While productivity tips such as those based around nutrition or resting are helpful, HR professionals can really create value for their organizations by implementing automation tools in both their own department as well as advocating for employees in other departments to have the tools they need to do their jobs more efficiently. No amount of brain food can change the fact that filling out paperwork by hand, for example, takes more time than using a digital platform fill in the repetitive parts automatically. And adopting automation technology helps in several ways.
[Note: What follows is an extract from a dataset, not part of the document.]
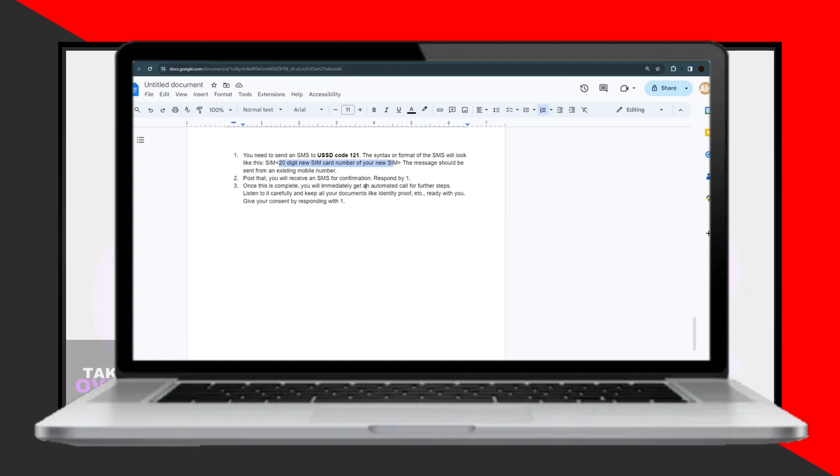Once you've completed all the necessary identification and verification steps, your SIM will be activated within two to three days. And that's all there is to it. Now you can enjoy the benefits of your activated ARRAL SIM card.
For example, the time-saving aspects of automation enable HR pros to then spend their time more valuably such as meeting one-on-one with employees to discuss career development goals, or simply freeing up other employees’ time on HR-related tasks so that they can then spend more time on their core job responsibilities. Yet as it stands, the lack of automation of repetitive tasks like office supply requests or contract approvals is costing U.S. companies an average of over $13,000 per employee per year, according to a study by Samanage.
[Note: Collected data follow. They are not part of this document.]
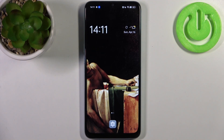Here I have the Oppo A78 5G and today I'm going to show you how to access developer options on this device.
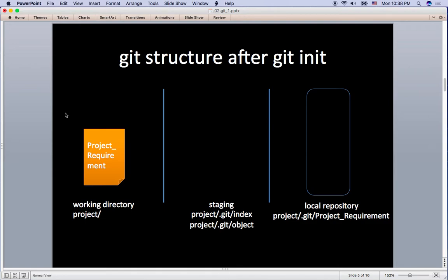Git has three tiers as you can see here. The first one is what we call the directory itself from your PC or Mac as working directory where the file is physically located at. And the working directory includes the .git directory where staging and local repository are at.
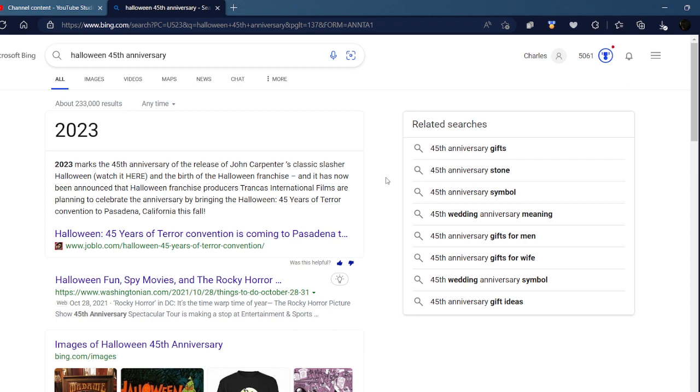They're going to be hosting a convention in Pasadena, California this fall, September 29th to October 1st, which I wish I could go to.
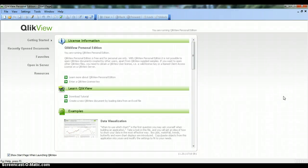Welcome to my channel ClickView Enthusiast. I am Abhishek and today I will share my learning about ClickView. In this video I will give you information about how we make selections in ClickView and what is the document and its properties in ClickView. So let's get started.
Additionally, automation can also directly improve employee experience through the elimination of boring, repetitive tasks, thereby helping HR pros achieve their goals such as boosting employee retention.

So in order to help employees across an organization, HR professionals need to embrace automation technology that already exists and prepare for the advent of more developments in this area.

To get on board with automation, follow these three tips:

1) Question Roadblocks

Question Roadblocks

If your organization isn’t already embracing automation, question why that’s the case by talking with employees at all levels. Roadblocks could take the shape of managers fearing the cost or junior employees fearing that automation would replace their jobs. Whatever the roadblock may be, ask questions to discover the truth and know what needs a solution.

For example, if employees think they don’t need automated accounting software, ask why that’s the case. If they think they can do as good a job manually as any automation tool, question whether they’ve made mistakes that have caused them to have to spend more time fixing the errors. This does not need to be done in a belittling way, but rather in a way that helps employees understand how they can work alongside automation tools to more efficiently complete their work and focus on the value that they bring.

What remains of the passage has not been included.